I was undergoing my IT when Jos was desecrated. When we resumed work after almost two weeks of being indoors, the atmosphere had changed. The Muslims and Christians at work had an undercurrent that polarized effectively.
But stepping back and looking at all things; the Nigeria I grew up in was incredibly problematic
Over time kept, we kept burying matters that bubbled to the surface with three inches of sand. This is why the wind keeps excavating the same issues over and over again.
Any semblance of peace and tranquillity in the Nigeria I grew up in was a lie. It was a mirage hiding deep seated caverns of division and hate.
It wasn’t the civil war that started it. In fact, it probably could be traced back to Usman Dan Fodio and beyond.
I am not a historian, so I stand to be corrected.
We never really blended as a country. Nigeria is like sand, oil, water, leaves, rocks and all kinds of things were poured into a bucket and stirred. No amount of stirring has succeeded in changing the contents into one viscous solution. Decades later, we are still a bucket with sand, oil, water, leaves and rocks.
We are not one in Nigeria.
The mistrust is the perfect easel for politicians with personal ambitions. They come and mount their board and bring out their brushes and paint pictures that are not unifying. Pictures that suit them and get us to support them for all the wrong reasons.
This divide that has existed forever is the crack that Boko Haram has neatly burrowed into. Boko Haram exists only because of the mature fault lines in the bedrock of this country. And Boko Haram has refused to disappear simply because of tacit unofficial support from probably official quarters.
Nothing tears my heart like pictures and headlines of “repentant” Boko Haram members being “rehabilitated” and treated like; they gave us a gift by supposedly renouncing the terrorist group.
I cannot believe I live in this country.
You could be beheaded and your whole family killed with your farms and homestead burnt to the ground. Yet, the known perpetuators are forgiven and taken to a resort and released back to the society. Just because they are “sorry”.
No wonder the group has refused to die.
Kill, rape, bomb, kidnap, and commit actual treason. Videotape and air to the whole world.
Get accepted and be “de-radicalized” and told not to be naughty again and released back to the society.
Simply because you come from one part of the country.
On the other hand, talk about a revolution. Organize a rally to protest how the country is being run. Be arrested. Let it take the intervention of the world after months incarcerated to get you released.
You did not kill a fly.
Because you are from another part of the country.

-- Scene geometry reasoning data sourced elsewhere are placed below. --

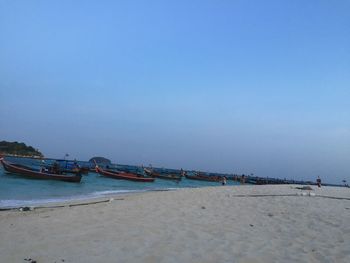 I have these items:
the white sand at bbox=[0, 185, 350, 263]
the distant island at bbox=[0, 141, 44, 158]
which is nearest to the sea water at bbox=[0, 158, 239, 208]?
the white sand at bbox=[0, 185, 350, 263]

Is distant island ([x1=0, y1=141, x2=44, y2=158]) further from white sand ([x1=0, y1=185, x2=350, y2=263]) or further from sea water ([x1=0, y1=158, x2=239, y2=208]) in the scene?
white sand ([x1=0, y1=185, x2=350, y2=263])

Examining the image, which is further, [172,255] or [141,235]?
[141,235]

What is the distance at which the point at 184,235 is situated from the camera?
7922mm

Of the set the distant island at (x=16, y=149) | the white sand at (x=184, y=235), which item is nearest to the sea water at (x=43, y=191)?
the white sand at (x=184, y=235)

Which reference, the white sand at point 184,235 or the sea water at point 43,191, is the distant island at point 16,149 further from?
the white sand at point 184,235

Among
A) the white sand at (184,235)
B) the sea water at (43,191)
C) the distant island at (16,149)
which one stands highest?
the distant island at (16,149)

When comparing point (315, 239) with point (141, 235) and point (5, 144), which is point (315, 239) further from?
point (5, 144)

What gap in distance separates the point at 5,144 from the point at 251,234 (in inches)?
5425

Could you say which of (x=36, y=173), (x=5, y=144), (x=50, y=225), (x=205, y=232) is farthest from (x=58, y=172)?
(x=5, y=144)

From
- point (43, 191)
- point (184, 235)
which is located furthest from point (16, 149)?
point (184, 235)

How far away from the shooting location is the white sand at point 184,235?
6453 millimetres

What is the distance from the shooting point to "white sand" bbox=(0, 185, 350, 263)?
6.45 m

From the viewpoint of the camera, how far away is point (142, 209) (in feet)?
40.9

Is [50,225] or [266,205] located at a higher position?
[266,205] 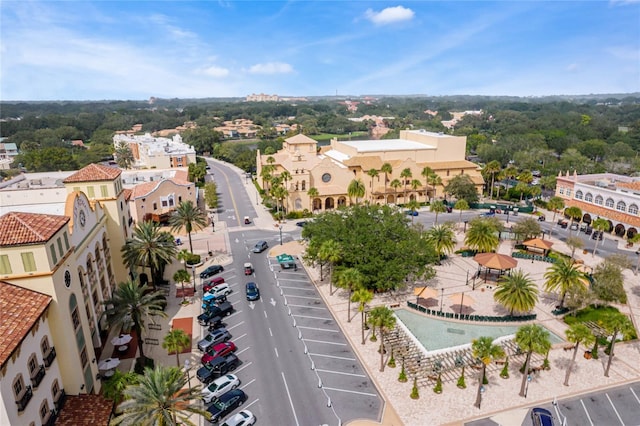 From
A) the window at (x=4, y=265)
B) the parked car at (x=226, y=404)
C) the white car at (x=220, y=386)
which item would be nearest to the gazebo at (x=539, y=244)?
the white car at (x=220, y=386)

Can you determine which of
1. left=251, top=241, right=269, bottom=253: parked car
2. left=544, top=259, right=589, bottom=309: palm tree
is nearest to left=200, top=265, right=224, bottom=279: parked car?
left=251, top=241, right=269, bottom=253: parked car

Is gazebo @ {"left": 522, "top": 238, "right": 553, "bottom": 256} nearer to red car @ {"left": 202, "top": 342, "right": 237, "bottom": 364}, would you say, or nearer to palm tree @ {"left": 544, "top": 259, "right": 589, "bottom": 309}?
palm tree @ {"left": 544, "top": 259, "right": 589, "bottom": 309}

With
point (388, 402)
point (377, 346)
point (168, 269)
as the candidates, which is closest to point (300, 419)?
point (388, 402)

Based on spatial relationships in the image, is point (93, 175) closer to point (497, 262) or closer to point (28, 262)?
point (28, 262)

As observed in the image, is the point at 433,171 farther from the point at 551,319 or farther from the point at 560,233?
the point at 551,319

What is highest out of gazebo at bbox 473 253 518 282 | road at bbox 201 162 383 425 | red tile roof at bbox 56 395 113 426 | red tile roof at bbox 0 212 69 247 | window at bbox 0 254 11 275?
red tile roof at bbox 0 212 69 247

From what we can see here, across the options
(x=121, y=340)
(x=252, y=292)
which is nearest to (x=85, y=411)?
(x=121, y=340)

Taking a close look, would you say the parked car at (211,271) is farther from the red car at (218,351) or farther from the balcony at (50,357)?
the balcony at (50,357) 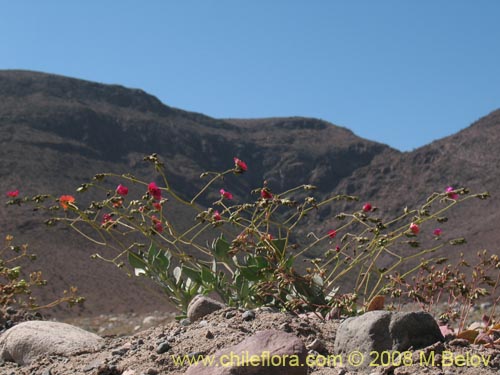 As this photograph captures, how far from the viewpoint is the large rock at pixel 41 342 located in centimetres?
359

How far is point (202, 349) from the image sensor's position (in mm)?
2809

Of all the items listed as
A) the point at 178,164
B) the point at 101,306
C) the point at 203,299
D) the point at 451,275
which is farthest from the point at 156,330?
the point at 178,164

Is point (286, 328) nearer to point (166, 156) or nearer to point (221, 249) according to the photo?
point (221, 249)

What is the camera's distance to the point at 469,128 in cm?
5316

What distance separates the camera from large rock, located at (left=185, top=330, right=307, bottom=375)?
2377mm

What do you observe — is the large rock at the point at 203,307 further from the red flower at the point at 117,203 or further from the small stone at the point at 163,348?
the red flower at the point at 117,203

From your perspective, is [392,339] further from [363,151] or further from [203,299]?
[363,151]

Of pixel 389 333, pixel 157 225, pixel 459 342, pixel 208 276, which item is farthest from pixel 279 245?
pixel 459 342

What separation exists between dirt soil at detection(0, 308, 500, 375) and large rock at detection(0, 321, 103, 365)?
0.12 m

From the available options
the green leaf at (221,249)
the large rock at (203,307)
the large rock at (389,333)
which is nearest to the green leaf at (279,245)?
the green leaf at (221,249)

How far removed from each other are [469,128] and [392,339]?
53.7m

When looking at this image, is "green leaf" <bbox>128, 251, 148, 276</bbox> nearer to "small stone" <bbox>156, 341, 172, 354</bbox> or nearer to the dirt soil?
the dirt soil

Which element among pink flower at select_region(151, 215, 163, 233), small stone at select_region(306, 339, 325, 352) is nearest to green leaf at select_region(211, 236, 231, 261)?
pink flower at select_region(151, 215, 163, 233)

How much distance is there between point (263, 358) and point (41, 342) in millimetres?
1748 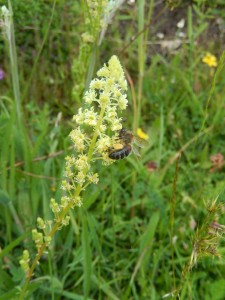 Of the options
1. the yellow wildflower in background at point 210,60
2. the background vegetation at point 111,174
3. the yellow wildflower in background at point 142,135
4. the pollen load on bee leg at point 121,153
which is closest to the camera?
the pollen load on bee leg at point 121,153

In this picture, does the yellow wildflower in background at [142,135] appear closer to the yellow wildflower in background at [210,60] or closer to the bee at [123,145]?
the yellow wildflower in background at [210,60]

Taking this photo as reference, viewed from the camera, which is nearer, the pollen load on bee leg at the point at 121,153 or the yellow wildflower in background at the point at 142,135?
the pollen load on bee leg at the point at 121,153

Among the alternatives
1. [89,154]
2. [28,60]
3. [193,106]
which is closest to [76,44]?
[28,60]

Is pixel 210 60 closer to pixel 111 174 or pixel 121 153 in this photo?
pixel 111 174

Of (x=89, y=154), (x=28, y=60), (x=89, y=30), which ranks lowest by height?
(x=28, y=60)

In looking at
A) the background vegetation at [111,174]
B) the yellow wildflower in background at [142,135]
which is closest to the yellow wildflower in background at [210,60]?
the background vegetation at [111,174]

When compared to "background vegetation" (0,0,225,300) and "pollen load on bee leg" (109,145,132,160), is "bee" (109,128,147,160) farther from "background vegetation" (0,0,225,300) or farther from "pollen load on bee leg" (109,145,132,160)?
"background vegetation" (0,0,225,300)

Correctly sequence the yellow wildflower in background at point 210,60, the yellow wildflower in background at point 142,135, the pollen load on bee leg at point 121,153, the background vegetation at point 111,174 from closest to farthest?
the pollen load on bee leg at point 121,153 < the background vegetation at point 111,174 < the yellow wildflower in background at point 142,135 < the yellow wildflower in background at point 210,60

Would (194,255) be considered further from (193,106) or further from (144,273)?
(193,106) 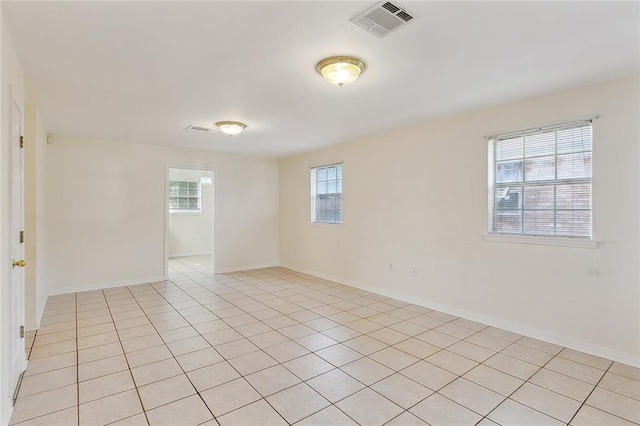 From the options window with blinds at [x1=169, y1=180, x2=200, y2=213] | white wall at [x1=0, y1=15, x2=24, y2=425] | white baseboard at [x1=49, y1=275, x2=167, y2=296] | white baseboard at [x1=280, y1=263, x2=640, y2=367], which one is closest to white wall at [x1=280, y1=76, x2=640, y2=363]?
white baseboard at [x1=280, y1=263, x2=640, y2=367]

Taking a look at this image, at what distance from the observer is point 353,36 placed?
2.08m

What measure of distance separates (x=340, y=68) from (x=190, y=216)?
24.0 feet

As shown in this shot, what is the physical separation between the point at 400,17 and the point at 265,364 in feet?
8.88

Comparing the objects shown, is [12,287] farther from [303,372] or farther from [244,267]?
[244,267]

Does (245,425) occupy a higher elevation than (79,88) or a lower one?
lower

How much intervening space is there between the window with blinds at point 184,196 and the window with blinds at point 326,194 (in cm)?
412

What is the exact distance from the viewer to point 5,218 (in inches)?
76.4

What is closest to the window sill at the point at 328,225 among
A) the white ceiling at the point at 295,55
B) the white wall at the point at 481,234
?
the white wall at the point at 481,234

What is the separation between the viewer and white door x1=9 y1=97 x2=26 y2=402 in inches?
84.3

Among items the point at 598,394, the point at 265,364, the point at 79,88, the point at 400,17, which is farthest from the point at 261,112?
the point at 598,394

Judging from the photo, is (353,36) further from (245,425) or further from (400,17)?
(245,425)

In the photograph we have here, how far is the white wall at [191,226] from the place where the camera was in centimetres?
835

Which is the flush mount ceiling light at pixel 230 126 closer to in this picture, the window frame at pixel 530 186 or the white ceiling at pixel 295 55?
the white ceiling at pixel 295 55

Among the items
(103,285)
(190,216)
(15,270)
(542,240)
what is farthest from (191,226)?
(542,240)
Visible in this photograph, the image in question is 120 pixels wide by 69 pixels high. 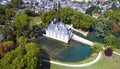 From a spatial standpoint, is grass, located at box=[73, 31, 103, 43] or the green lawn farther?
grass, located at box=[73, 31, 103, 43]

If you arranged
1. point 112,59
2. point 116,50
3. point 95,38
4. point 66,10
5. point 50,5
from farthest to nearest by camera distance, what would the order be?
1. point 50,5
2. point 66,10
3. point 95,38
4. point 116,50
5. point 112,59

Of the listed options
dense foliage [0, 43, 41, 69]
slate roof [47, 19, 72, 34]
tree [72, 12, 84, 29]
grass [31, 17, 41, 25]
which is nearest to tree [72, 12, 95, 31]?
tree [72, 12, 84, 29]

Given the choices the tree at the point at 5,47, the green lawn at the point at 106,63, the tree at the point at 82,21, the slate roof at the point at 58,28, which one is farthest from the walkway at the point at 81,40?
the tree at the point at 5,47

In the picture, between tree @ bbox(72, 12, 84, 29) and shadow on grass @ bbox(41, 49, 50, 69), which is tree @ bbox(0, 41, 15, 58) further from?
tree @ bbox(72, 12, 84, 29)

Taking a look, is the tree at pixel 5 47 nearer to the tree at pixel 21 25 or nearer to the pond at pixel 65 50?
the tree at pixel 21 25

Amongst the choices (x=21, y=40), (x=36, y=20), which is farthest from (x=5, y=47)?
(x=36, y=20)

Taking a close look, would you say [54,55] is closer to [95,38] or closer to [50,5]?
[95,38]

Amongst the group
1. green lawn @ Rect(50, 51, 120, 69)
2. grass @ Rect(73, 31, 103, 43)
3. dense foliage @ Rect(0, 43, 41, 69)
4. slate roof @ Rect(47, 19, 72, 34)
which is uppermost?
dense foliage @ Rect(0, 43, 41, 69)

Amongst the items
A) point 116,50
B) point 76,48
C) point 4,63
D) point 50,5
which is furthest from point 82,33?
point 4,63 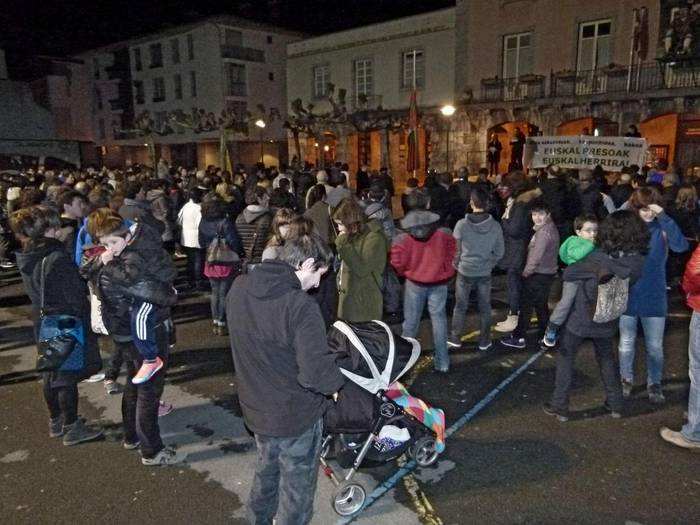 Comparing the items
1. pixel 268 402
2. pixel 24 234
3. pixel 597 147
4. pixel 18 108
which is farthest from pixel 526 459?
pixel 18 108

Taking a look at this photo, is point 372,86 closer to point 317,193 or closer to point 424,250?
point 317,193

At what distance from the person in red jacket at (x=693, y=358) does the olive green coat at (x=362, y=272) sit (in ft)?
8.60

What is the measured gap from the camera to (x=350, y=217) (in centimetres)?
508

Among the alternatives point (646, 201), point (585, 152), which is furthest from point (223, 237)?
point (585, 152)

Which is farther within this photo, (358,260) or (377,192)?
(377,192)

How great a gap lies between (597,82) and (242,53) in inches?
949

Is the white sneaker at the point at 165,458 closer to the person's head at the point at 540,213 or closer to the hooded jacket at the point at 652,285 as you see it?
the hooded jacket at the point at 652,285

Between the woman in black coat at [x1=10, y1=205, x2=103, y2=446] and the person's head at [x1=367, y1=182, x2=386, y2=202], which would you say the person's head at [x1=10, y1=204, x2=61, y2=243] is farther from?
the person's head at [x1=367, y1=182, x2=386, y2=202]

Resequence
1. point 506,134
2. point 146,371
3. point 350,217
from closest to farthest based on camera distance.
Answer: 1. point 146,371
2. point 350,217
3. point 506,134

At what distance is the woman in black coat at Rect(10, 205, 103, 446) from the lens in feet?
13.6

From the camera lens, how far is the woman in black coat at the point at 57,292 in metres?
4.15

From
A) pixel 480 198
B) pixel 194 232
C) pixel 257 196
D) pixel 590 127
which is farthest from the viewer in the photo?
pixel 590 127

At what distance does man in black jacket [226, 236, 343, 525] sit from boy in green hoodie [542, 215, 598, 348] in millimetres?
2707

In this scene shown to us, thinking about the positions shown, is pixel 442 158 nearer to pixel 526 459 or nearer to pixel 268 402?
pixel 526 459
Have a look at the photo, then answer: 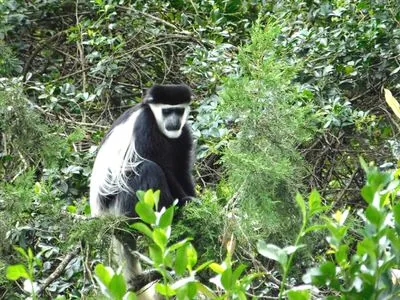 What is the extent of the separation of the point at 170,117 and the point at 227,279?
259 centimetres

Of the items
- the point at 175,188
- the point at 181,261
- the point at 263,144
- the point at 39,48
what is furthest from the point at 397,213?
the point at 39,48

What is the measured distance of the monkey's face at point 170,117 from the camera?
386cm

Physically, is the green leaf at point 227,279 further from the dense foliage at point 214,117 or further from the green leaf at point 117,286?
the dense foliage at point 214,117

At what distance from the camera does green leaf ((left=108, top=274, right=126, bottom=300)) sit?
124 centimetres

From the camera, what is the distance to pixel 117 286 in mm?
1245

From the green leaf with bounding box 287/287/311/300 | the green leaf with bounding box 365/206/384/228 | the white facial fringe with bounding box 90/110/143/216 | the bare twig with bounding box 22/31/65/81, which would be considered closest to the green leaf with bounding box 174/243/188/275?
the green leaf with bounding box 287/287/311/300

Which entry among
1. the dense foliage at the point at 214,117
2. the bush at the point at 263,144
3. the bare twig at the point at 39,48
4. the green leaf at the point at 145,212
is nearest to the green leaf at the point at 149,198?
the green leaf at the point at 145,212

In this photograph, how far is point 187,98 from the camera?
12.8 feet

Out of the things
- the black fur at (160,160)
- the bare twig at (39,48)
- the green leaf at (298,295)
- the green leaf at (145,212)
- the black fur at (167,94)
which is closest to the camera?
the green leaf at (298,295)

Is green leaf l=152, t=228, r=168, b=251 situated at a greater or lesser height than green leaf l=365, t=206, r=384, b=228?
lesser

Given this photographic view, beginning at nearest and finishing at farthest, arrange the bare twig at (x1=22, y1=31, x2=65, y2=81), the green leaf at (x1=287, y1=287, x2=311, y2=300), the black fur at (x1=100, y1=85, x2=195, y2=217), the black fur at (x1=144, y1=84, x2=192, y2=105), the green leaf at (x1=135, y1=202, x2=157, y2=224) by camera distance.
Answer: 1. the green leaf at (x1=287, y1=287, x2=311, y2=300)
2. the green leaf at (x1=135, y1=202, x2=157, y2=224)
3. the black fur at (x1=100, y1=85, x2=195, y2=217)
4. the black fur at (x1=144, y1=84, x2=192, y2=105)
5. the bare twig at (x1=22, y1=31, x2=65, y2=81)

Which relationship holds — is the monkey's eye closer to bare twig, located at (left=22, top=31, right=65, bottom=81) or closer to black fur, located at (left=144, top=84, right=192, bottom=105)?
black fur, located at (left=144, top=84, right=192, bottom=105)

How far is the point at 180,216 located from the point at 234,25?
181 centimetres

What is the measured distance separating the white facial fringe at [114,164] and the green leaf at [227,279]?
2.38 metres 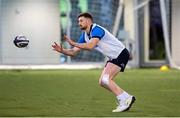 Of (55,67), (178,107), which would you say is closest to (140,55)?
(55,67)

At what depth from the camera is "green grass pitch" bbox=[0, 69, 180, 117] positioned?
1111 centimetres

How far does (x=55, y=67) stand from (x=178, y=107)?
17.5m

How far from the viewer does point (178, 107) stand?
11938 millimetres

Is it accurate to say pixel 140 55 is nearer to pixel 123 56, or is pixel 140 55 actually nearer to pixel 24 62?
pixel 24 62

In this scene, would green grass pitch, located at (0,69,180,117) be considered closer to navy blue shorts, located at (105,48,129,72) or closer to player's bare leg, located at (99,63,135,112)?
player's bare leg, located at (99,63,135,112)

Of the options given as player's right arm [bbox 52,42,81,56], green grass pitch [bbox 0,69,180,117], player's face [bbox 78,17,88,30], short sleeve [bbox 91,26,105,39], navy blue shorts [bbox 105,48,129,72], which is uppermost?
player's face [bbox 78,17,88,30]

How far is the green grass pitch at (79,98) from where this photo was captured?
1111 cm

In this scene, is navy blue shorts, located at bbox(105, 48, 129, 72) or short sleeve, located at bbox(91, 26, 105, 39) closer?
short sleeve, located at bbox(91, 26, 105, 39)

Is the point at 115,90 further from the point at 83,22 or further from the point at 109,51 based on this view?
the point at 83,22

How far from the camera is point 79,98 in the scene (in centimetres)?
1389

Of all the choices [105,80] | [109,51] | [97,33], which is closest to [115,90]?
[105,80]

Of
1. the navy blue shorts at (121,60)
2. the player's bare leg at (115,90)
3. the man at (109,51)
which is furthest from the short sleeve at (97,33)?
the player's bare leg at (115,90)

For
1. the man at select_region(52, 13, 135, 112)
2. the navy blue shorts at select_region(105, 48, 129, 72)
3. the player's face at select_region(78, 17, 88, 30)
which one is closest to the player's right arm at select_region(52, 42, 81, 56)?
the man at select_region(52, 13, 135, 112)

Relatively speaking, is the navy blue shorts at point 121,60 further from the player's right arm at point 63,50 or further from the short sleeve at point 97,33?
the player's right arm at point 63,50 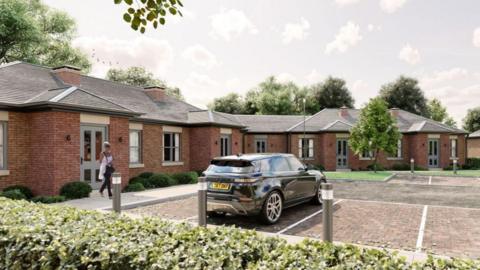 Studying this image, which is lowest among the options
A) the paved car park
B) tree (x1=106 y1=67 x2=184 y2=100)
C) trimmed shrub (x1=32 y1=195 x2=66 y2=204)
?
the paved car park

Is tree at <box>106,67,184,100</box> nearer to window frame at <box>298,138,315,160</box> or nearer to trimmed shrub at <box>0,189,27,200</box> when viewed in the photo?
window frame at <box>298,138,315,160</box>

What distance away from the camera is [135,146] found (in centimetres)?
1695

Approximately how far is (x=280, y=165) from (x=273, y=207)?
1179 mm

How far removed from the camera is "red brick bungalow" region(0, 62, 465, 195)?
11.9m

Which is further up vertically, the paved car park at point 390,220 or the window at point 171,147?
the window at point 171,147

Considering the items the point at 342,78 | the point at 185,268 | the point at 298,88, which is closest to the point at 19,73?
the point at 185,268

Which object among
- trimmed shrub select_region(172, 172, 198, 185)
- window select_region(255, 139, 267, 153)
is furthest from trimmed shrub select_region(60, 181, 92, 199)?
window select_region(255, 139, 267, 153)

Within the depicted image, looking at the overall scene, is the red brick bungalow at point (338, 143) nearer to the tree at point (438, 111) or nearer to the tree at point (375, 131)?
the tree at point (375, 131)

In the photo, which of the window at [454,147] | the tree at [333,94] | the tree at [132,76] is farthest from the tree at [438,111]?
the tree at [132,76]

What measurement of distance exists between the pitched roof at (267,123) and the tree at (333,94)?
77.2 feet

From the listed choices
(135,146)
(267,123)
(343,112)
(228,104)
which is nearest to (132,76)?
(228,104)

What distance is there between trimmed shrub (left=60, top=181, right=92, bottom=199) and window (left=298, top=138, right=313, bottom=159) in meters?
20.0

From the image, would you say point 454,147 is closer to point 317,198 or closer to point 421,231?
point 317,198

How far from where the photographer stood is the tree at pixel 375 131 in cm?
2377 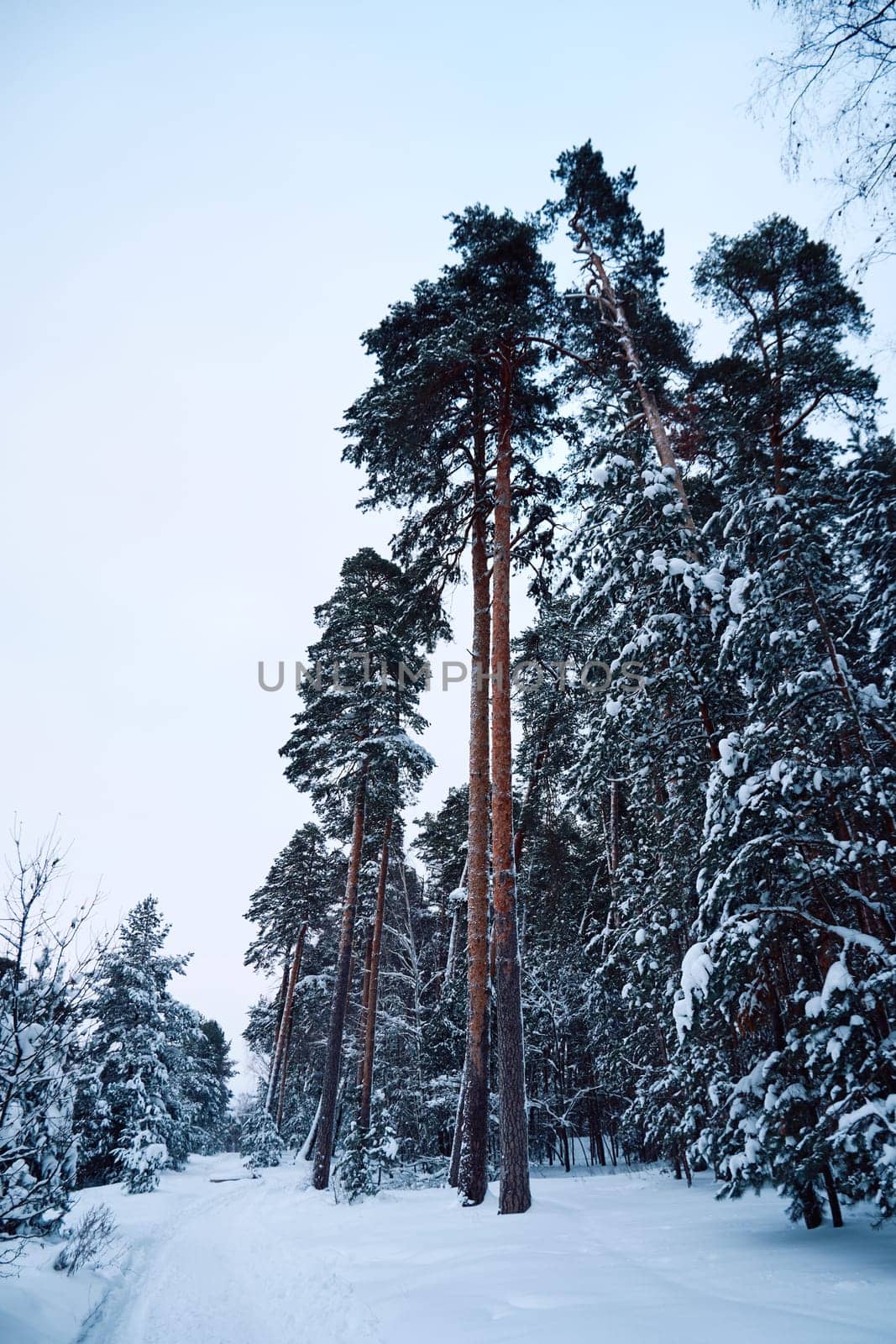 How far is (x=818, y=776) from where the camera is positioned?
5242mm

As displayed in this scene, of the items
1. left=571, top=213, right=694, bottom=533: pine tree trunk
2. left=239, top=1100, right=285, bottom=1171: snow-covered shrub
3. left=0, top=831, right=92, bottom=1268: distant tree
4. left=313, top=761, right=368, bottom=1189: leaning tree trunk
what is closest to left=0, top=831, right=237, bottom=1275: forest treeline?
left=0, top=831, right=92, bottom=1268: distant tree

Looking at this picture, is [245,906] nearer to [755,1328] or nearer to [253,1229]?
[253,1229]

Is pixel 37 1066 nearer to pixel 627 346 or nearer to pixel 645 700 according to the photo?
pixel 645 700

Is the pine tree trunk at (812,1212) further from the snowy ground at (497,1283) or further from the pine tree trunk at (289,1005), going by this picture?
the pine tree trunk at (289,1005)

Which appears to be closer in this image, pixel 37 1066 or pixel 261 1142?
pixel 37 1066

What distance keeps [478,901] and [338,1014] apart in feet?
24.9

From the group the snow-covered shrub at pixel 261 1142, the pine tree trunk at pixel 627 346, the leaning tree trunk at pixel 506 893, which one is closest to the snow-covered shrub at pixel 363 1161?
the leaning tree trunk at pixel 506 893

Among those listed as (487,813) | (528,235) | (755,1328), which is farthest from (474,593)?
(755,1328)

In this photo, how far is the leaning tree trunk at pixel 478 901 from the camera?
9.51 meters

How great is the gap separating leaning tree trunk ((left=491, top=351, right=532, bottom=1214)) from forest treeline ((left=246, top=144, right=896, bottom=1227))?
0.04 metres

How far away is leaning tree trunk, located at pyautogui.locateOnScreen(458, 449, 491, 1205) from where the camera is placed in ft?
31.2

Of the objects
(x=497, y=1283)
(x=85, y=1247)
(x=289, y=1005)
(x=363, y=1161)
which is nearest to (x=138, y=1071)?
(x=289, y=1005)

In the last week, a Christian leader and a Christian teenage student were killed clearly because they are Christians. In the same week, a Christian girl abducted years ago gives birth to a child for a Boko Haram leader.
The most deceitful thing anyone can tell us is that; it is not a fall-out of an age old divide between religions especially in the North.
It isn’t politics for anyone to cry out at the deliberate targeting of Christians in the north. And it is simply a fact.
If it isn’t Boko Haram today, it will be another group tomorrow; acting out on the fault lines that have existed in this country long before I was born. Structural issues. Fundamental issues that no government has had the courage to deal with from day one; because they have used these weaknesses to the furtherance of their ambitions.
There is obviously no honestly in tackling the problem in the North East. I don’t believe there has ever been.
I was wrong by starting this article by saying that this is not the Nigeria I grew up in.
The Nigeria I am in today has always been in the making. It was all leading to this. And I am saddened by it all. Saddened and hardened.
May the souls of those departed rest in peace forever.
May the souls that have fed into this fire begin to burn from now to eternity.
And may those complicit or in power enough to actually make a difference but have sold out for any reason…In fact, may violence chase them to their graves and remain to their 4th generation.
I love Nigeria underneath the way I hate it so much right now.